The contemporary lawyer and judge confront, in the mine run of their daily work, a mountain of statutes. In an unprecedented way, law today is statute law, and few legal problems have escaped the tender mercies of the legislature. Statutory interpretation is a daily and pressing task for virtually every lawyer.
And yet, there is no generally accepted consistent theory to guide this work. The late Henry Hart and Dean Albert Sacks argue forcefully, "[T]he hard truth of the matter is that American courts have no intelligible, generally' accepted, and consistently applied theory of statutory interpretation." ' This conclusion is embedded in several hundred pages of case excerpts proving the point beyond dispute.
Good legal theory is not an intellectual luxury. If we lack good theory, we will be unable to explain judicial decisions and "consumers" of the output of our court systems will not believe they have been justly treated. Without the discipline of good theory, we cannot even critique and reform our own work product as lawyers.

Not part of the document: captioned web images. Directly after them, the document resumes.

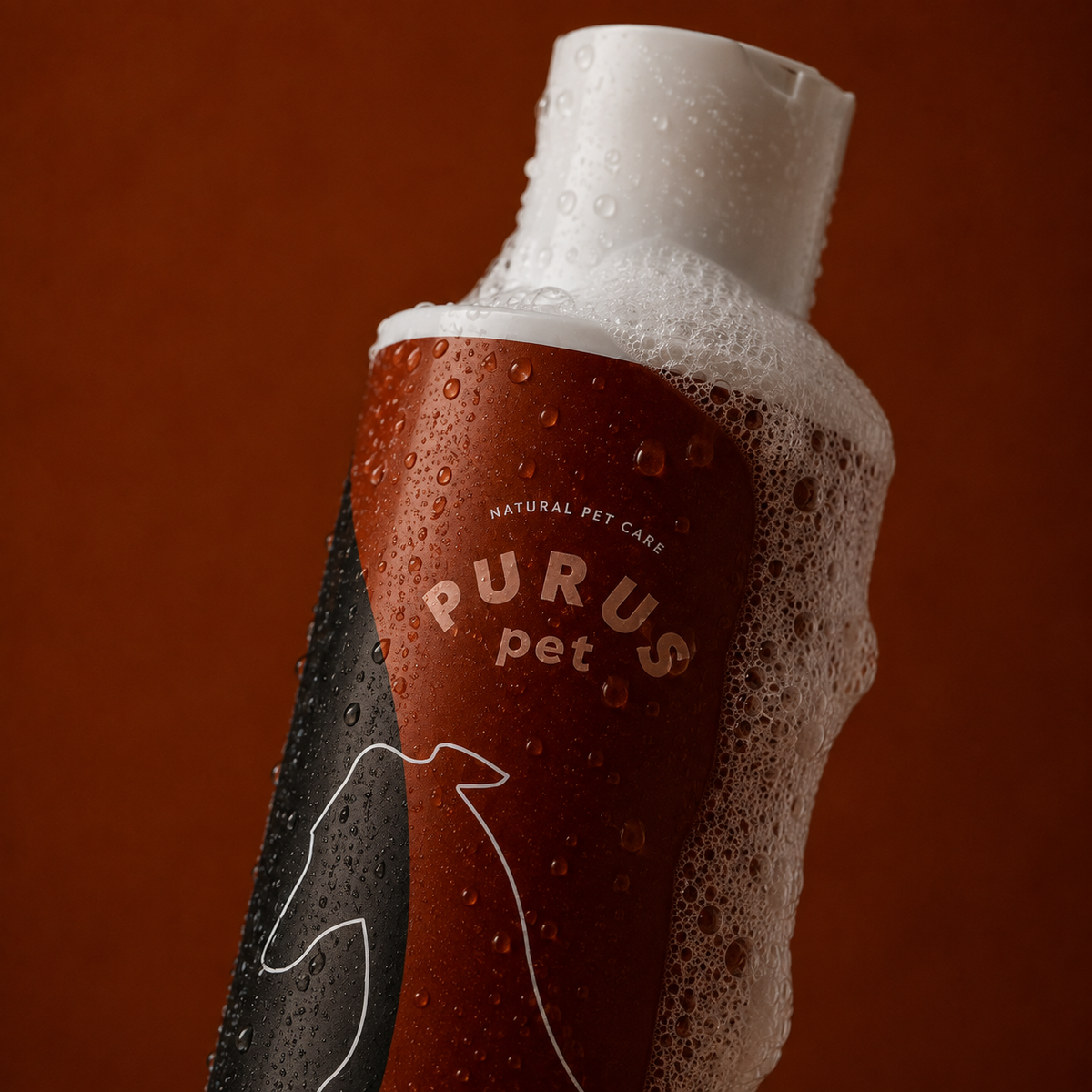 PURUS PET ODŻYWKA DO SPŁUKIWANIA DLA PSÓW – PIELĘGNACJA SIERŚCI I ROZPLĄTYWANIE 250 ML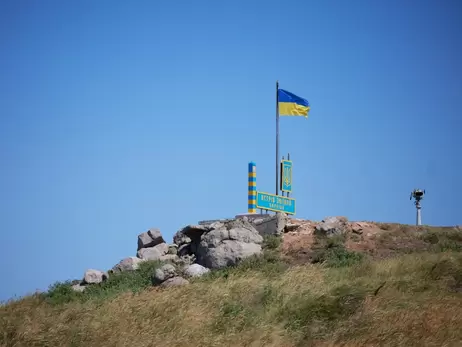 Держприкордонслужба: є надія, що українські прикордонники з острова Зміїний можуть бути живі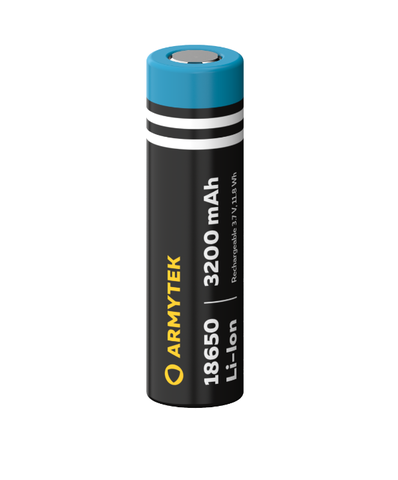 Аккумулятор Armytek 18650 Li-Ion 3200mAh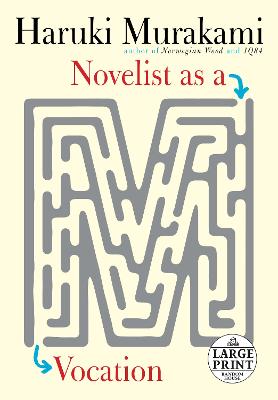 Novelist as a Vocation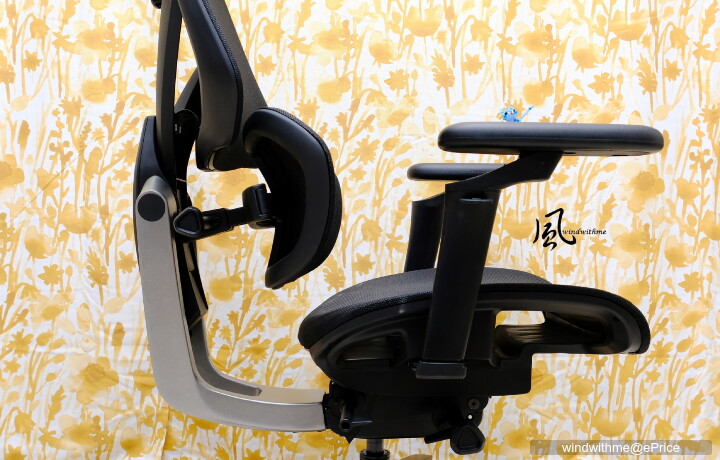 兼顧外型、進化型支撐、舒適度提升 - TX3 Flex Pro人體工學椅分享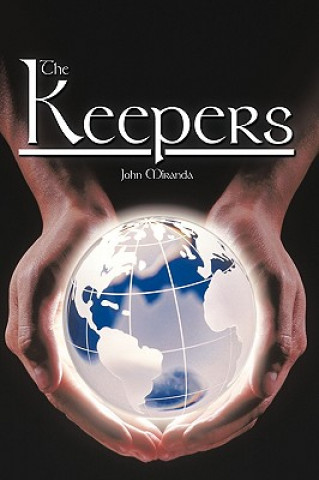 Kniha Keepers John Miranda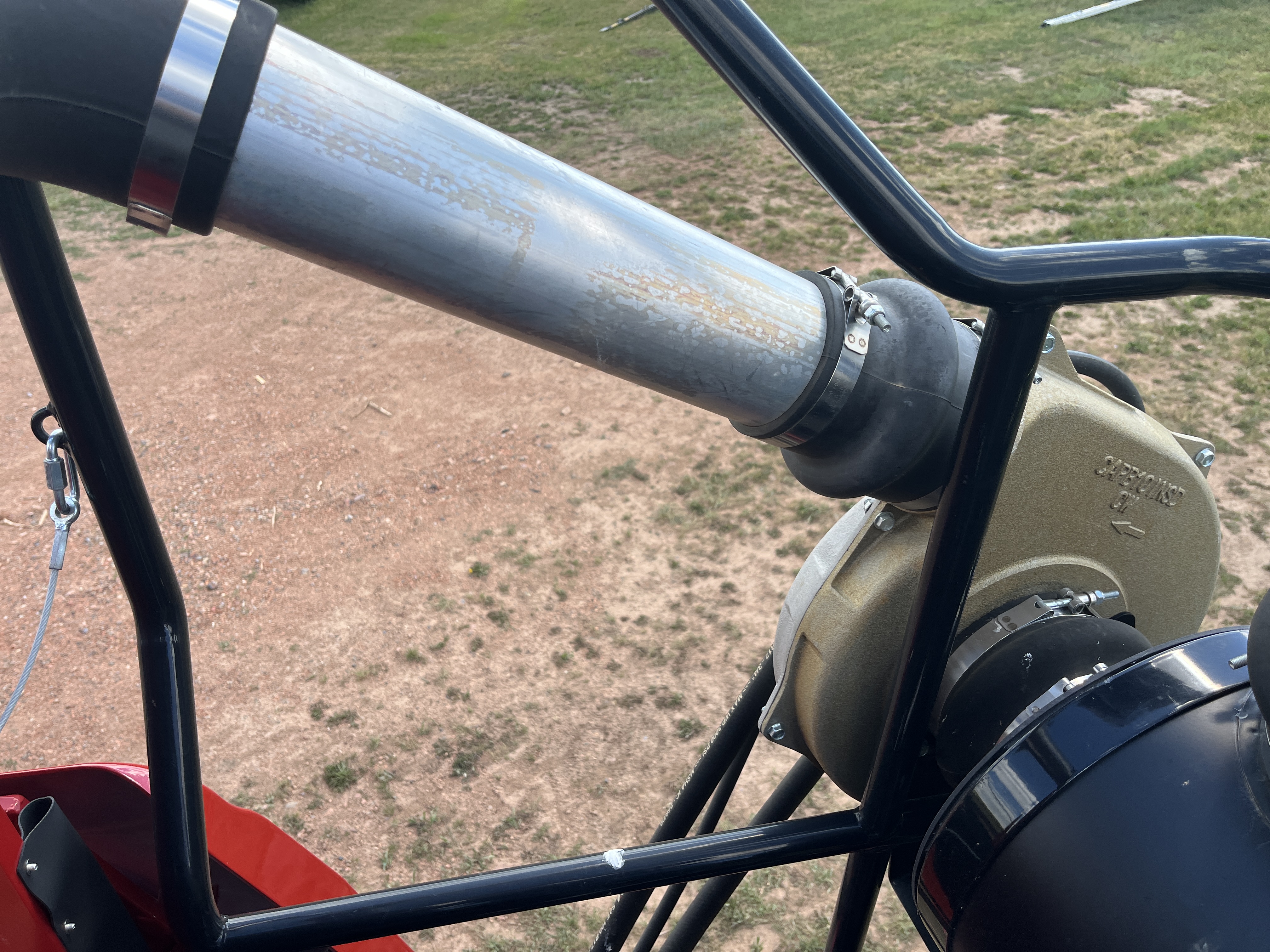 2023 Case IH AF8250 Combine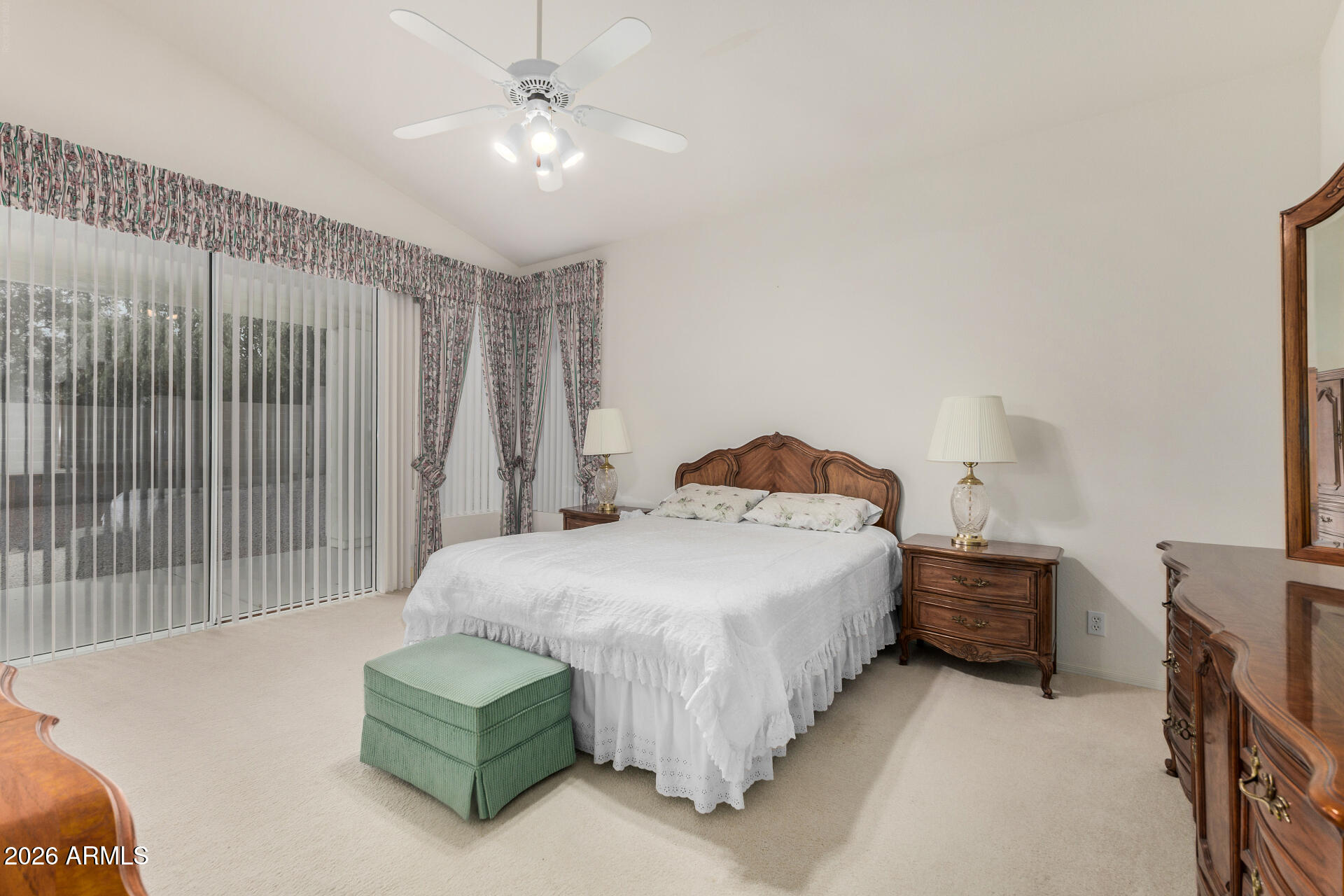 6558 East Roland Street Mesa, AZ 85215 - Photo 19 of 38 Main Bedroom
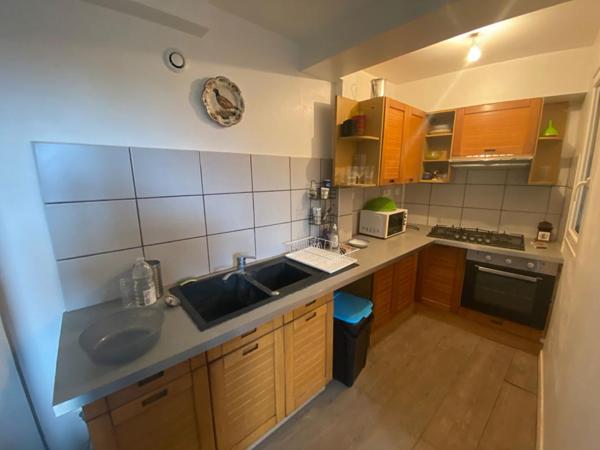 Appartement Bras D'asse 3 pièce(s) 57.24 m2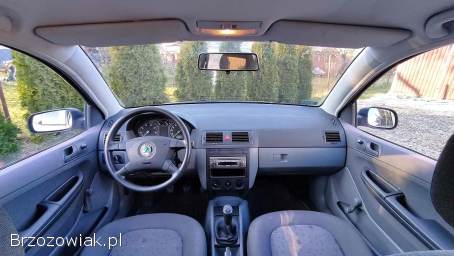 Škoda Fabia Niski Przebieg 2002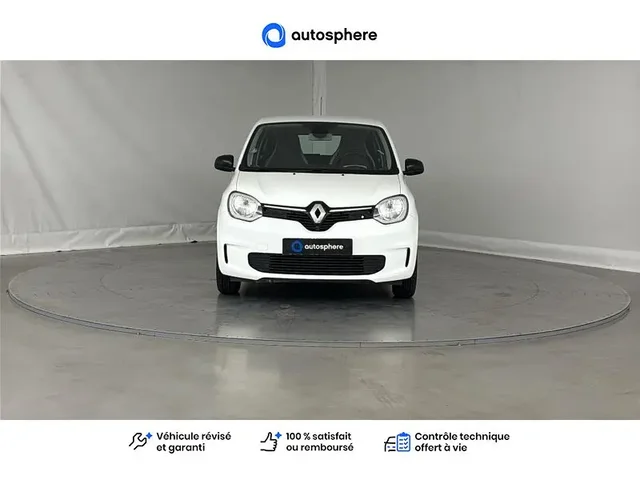 Occasion Renault Twingo à CHAUNY chez RENAULT | CHAUNY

My thesis in this article is that the so-called plain meaning rule is not only wrong in itself, but is also a major stumbling block hindering the adoption of a sound theory of statutory interpretation. Legal thinking in terms of the rule, whether to follow it or to find an "exception," structures our whole approach to statutory interpretation; its repudiation is a present necessity.
I wish in this article to summarize criticisms of the plain meaning rule, suggest why it has survived despite criticism, and sketch a theory and practice of statutory interpretation which should replace it.
Merz, Michael R.
"The Meaninglessness of the Plain Meaning Rule,"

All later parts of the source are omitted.